TORONTO, Dec. 27, 2018 (GLOBE NEWSWIRE) — Peeks Social Ltd. (TSXV: PEEK; OTCQB: PKSLF) (“Peeks Social” or the “Company”) is pleased to announce that it has closed the first tranche (the “First Tranche”) of a non-brokered private placement (the “Offering”) of senior secured convertible debentures in the aggregate principal amount of up to $1,050,000, inclusive of an original issue discount of 5% (the “Debentures”). The First Tranche was comprised of Debentures in the principal amount of $472,500. The Offering, which is expected to be completed in multiple tranches, has received the conditional approval of the TSX Venture Exchange (the “Exchange”) and will be subject to the satisfaction of customary conditions. In addition, the Company announces the issuance of $250,000 in senior secured notes (the “Notes”), which bear interest at a rate of 15% per annum, are payable monthly, and mature 12 months from the date of issuance. The net proceeds of the Offering and the Notes will be used by the Company for marketing and general corporate purposes.
Debentures issued under the Offering will have a term of two years and will bear interest at a rate of 8% per annum, provided that the interest rate will increase to 12% per annum upon the occurrence of certain events of default. Further, the repayment of the principal amount of the Debentures and any accrued but unpaid interest thereon will be secured by a general security agreement over all of the Company’s assets. The Debentures will be convertible, in whole or in part, at the option of the holder, into common share of the Company (“Common Shares”), at a conversion price of $0.10 per Common Share. Each Debenture will also include one Common Share purchase warrant (a “Warrant”). Each Warrant will entitle the holder thereof to acquire one additional Common Share at a price of $0.15 per Common Share, provided that, if the Company subsequently issue s Common Shares at a price of less than $0.10 per Common Share (a “Down Round”), it will, subject to the approval of the Exchange, amend the exercise price of the Warrants to match the issuance price of the Common Shares issued in such Down Round.

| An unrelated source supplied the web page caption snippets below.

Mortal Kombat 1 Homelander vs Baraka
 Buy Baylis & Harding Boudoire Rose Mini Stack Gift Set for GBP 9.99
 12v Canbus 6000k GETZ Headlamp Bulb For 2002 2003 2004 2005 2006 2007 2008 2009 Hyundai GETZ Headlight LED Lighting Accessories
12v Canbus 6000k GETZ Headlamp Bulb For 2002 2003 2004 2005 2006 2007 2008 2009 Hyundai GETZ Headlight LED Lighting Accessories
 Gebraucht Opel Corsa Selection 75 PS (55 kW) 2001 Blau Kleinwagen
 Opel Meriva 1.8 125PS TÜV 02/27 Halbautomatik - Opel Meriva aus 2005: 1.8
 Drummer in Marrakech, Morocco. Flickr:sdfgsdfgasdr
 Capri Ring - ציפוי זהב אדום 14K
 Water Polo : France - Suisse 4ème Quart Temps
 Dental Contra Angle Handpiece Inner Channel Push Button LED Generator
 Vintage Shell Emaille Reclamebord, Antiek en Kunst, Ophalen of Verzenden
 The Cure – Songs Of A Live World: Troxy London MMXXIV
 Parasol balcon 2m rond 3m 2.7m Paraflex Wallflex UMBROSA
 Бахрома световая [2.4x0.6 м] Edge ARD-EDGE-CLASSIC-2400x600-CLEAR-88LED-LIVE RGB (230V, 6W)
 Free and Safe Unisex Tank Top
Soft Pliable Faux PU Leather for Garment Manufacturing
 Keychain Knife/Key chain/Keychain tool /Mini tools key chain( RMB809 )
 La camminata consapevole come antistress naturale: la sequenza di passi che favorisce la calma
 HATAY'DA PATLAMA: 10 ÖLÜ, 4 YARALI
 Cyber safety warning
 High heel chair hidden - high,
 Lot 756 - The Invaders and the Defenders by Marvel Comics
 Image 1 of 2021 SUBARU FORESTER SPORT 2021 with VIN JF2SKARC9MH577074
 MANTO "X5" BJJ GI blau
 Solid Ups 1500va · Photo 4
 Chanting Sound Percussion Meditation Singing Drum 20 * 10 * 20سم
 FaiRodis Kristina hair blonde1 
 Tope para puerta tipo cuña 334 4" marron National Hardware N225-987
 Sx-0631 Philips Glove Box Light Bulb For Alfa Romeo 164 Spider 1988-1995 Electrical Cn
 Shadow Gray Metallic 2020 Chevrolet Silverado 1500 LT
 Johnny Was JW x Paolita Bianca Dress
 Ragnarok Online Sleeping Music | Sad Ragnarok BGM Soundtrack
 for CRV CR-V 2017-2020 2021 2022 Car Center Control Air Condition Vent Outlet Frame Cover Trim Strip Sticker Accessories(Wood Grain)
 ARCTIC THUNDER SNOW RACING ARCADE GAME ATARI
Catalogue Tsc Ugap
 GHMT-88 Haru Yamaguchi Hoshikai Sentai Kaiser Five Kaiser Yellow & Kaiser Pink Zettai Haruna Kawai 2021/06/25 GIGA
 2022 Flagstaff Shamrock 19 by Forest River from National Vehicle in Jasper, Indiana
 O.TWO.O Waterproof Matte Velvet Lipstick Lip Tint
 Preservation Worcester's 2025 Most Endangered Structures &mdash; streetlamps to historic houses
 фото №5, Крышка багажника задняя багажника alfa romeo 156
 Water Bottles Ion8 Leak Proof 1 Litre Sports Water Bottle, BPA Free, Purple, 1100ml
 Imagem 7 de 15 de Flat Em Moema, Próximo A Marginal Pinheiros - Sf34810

In connection with the First Tranche, the Company has paid a cash finder’s fee of $29,500 to First Republic Capital Corporation (“First Republic”), representing 6.5% of the principal amount of the Debentures issued in the First Tranche, and has issued to First Republic 236,250 Warrants, which are exercisable into 5% of the Common Shares underlying the Debentures issued pursuant to the First Tranche. All securities issued pursuant to the Offering will be subject to a hold period of four months plus one day following closing.
Neither the TSX Venture Exchange nor its Regulation Services Provider (as that term is defined in the policies of the TSX Venture Exchange) has reviewed or accepts responsibility for the adequacy or accuracy of this Release.
For further information, please contact:
Peeks Social Ltd. | ||
Mark Itwaru | David Vinokurov | |
Chairman & Chief Executive Officer | Director Investor Relations | |
416-639-5339 | 416-716-9281 | |
[email protected] | [email protected] | |
Forward-Looking Statements
Certain statements contained in this press release contain forward-looking statements within the meaning of Canadian securities laws. Words such as “may,” “would,” “could,” “should,” “potential,” “will,” “seek,” “intend,” “plan,” “anticipate,” “believe,” “estimate,” “expect” and similar expressions as they relate to the Company, including closing of the Offering are intended to identify forward-looking information. All statements other than statements of historical fact may be forward- looking information. Such statements reflect the Company’s current views and intentions with respect to future events, based on information available to the Company, and are subject to certain risks, uncertainties and assumptions. Material factors or assumptions were applied in providing forward-looking information, including: receipt of the approval of the TSX Venture Exchange and the directors of the Company for the transactions; successfully negotiating definitive terms with the lender for the Offering; and closing conditions being met. While forward-looking statements are based on data, assumptions and analyses that the Company believes are reasonable under the circumstances, whether actual results, performance or developments will meet the Company’s expectations and predictions depends on a number of risks and uncertainties that could cause the actual results, performance and financial condition of the Company to differ materially from its expectations. Should any factor affect the Company in an unexpected manner, or should assumptions underlying the forward – looking information prove incorrect, the actual results or events may differ materially from the results or events predicted. Any such forward-looking information is expressly qualified in its entirety by this cautionary statement. Moreover, the Company does not assume responsibility for the accuracy or completeness of such forward-looking information. The forward-looking information included in this press release is made as of the date of this press release, and the Company undertakes no obligation to publicly update or revise any forward-looking information, other than as required by applicable law.
The securities referred to in this news release have not been, nor will they be, registered under the United States Securities Act of 1933, as amended, and may not be offered or sold within the United States or to, or for the account or benefit of, U.S. persons absent U.S. registration or an applicable exemption from the U.S. registration requirements. This news release does not constitute an offer for sale of securities, nor a solicitation for offers to buy any securities. Any public offering of securities in the United States must be made by means of a prospectus containing detailed information about the company and management, as well as financial statements.